Families in Columbus police shootings seek outside review

COLUMBUS, Ohio -- Two families whose relatives were fatally shot by Columbus police are renewing their requests for independent investigations.

The families of 13-year-old Tyre King and 23-year-old Henry Green held a press conference Tuesday, speaking tearfully about their loved ones.

Tyre was shot Sept. 14 after police say he ran from an officer investigating a reported armed robbery and pulled a BB gun that looked like a real firearm. Green was shot June 6 after two plainclothes officers said he ignored commands to drop his gun and fired on them.

Fatal police shooting of Ohio boy after cops say he had BB gun

Sean Walton, an attorney who represents both families, said witnesses have contradicted information from police in the cases. He said he planned to send letters to city officials Tuesday urging them to join Tyre’s family in requesting a Justice Department review of the shooting. Letters were sent earlier on behalf of Green’s family, he said.

Both shootings are under investigation and will be presented to a grand jury to decide whether charges are merited against the officers.

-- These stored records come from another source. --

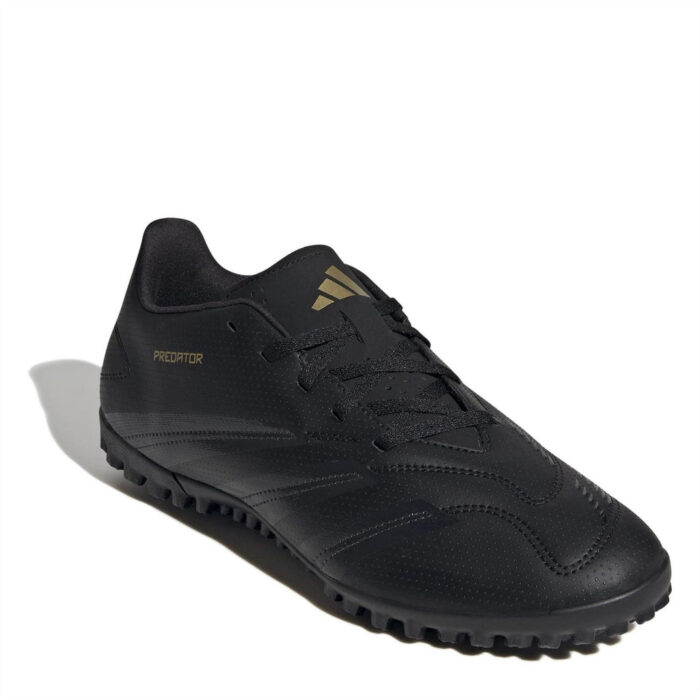 adidas Predator 24 Turf Football Boots – Core Black/Crbn – view 3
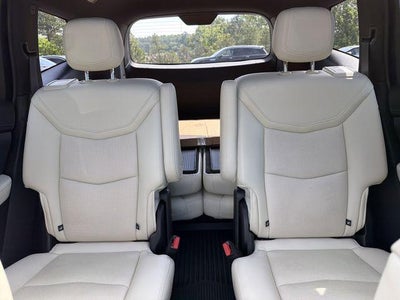 2021 Cadillac XT6 Sport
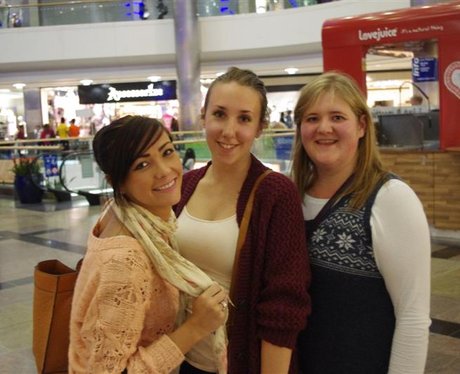 Student Lock In - Girls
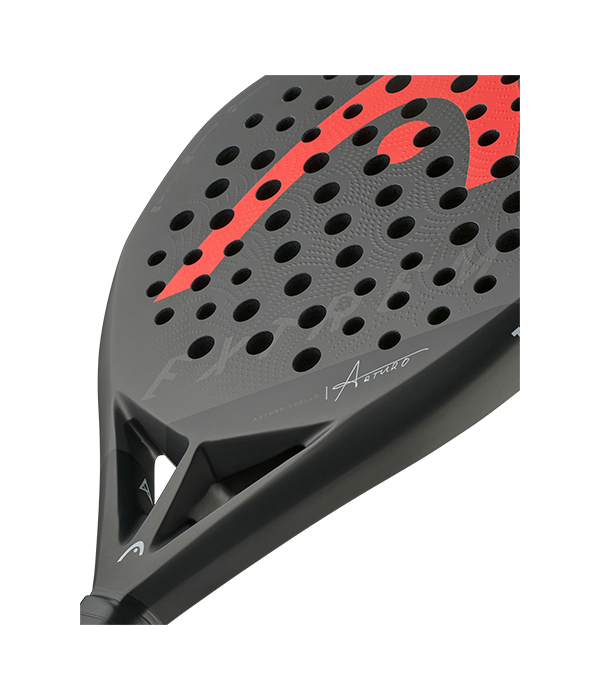 HEAD Extreme Pro LTD 2024 Arturo Coello Padel Racket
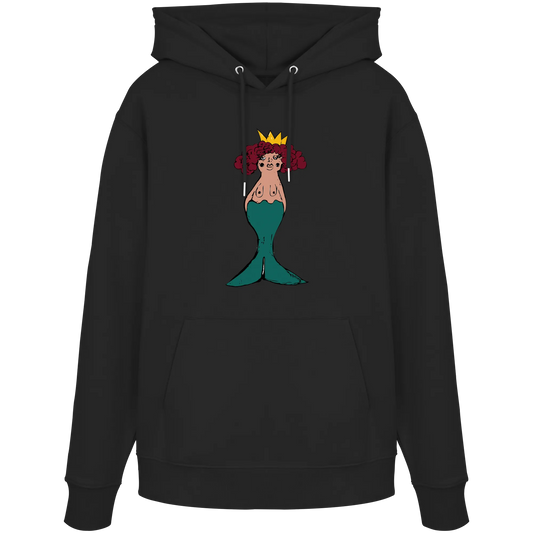 Mermaid - Organic Hoodie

Tyre’s death has heightened tensions over the safety of blacks in Ohio’s largest city and added to a list of killings of black males by police that are attracting national attention.

King’s grandmother said she called the boy her “little crumbsnatcher” and said he played ice hockey and loved gymnastics. She said the boy told her he loved her and gave her a kiss the last time she saw him.

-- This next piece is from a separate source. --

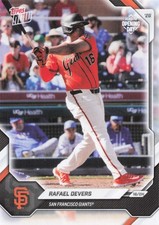 2026 Topps Now Road to Opening Day OD-291 Raphael Devers - 25 Cents Shipping!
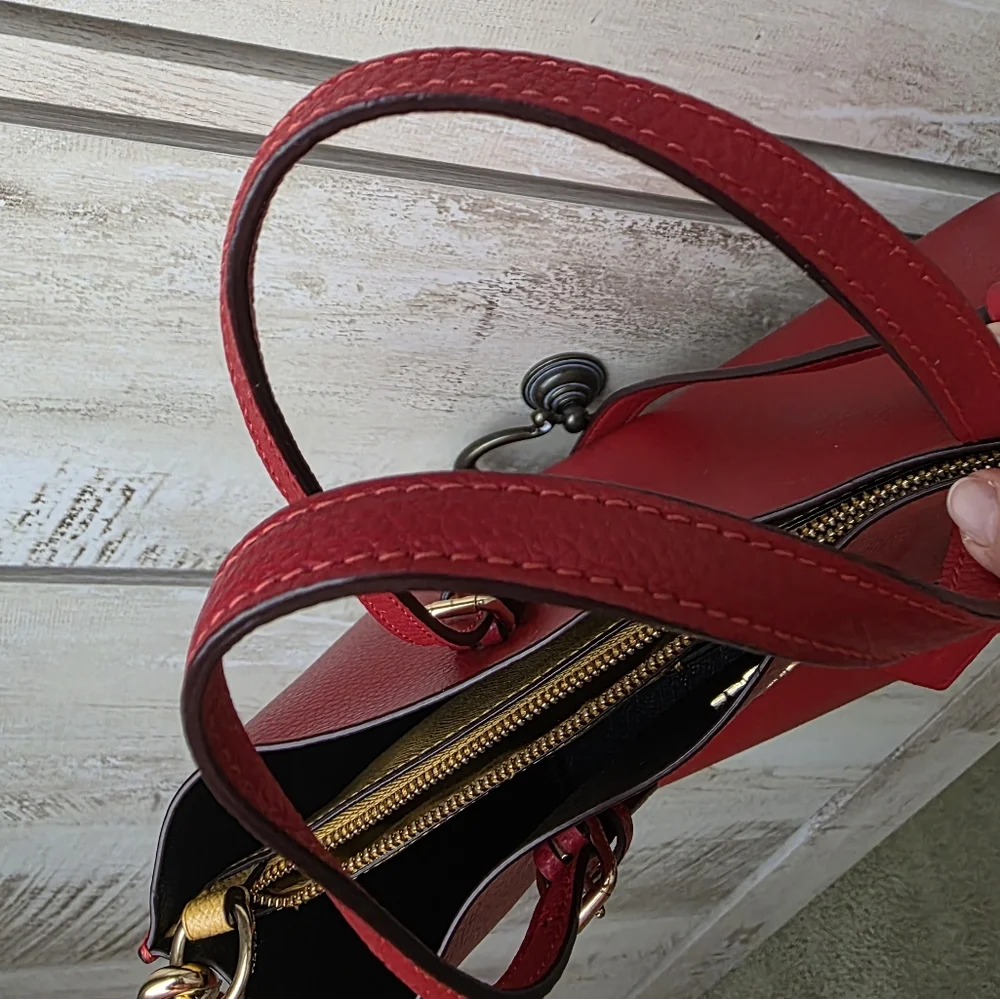 Coach Mollie Tote Bag 25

“I thank God for that, that I had my last kiss with my grandson,” she said, calling for justice for both families.

Green’s mother, Adrienne Hood, remembered her son fondly as a prankster who always looked after his family. She cried as she held up the last text she received from him, a picture of a pair of Nike flip flops he had just bought her.

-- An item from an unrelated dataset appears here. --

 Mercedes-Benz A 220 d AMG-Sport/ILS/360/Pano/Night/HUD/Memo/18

 “Our children were human beings, and they should be looked at as such,” Hood said. “There are families behind them that are hurting because they’re not here anymore.”

She described a culture within the Columbus Police Department she said needed to change, and said her family is “not asking for the impossible” by calling for an independent investigation.

On Monday, dozens of demonstrators protesting the fatal police shootings brought a city council meeting to a halt.

With chants that included “Black lives matter,” the protesters shouted down the council president and briefly took over the front portion of the council chamber at City Hall. They said they don’t trust the police to investigate themselves and urged that more money be spent on violence prevention and other programs.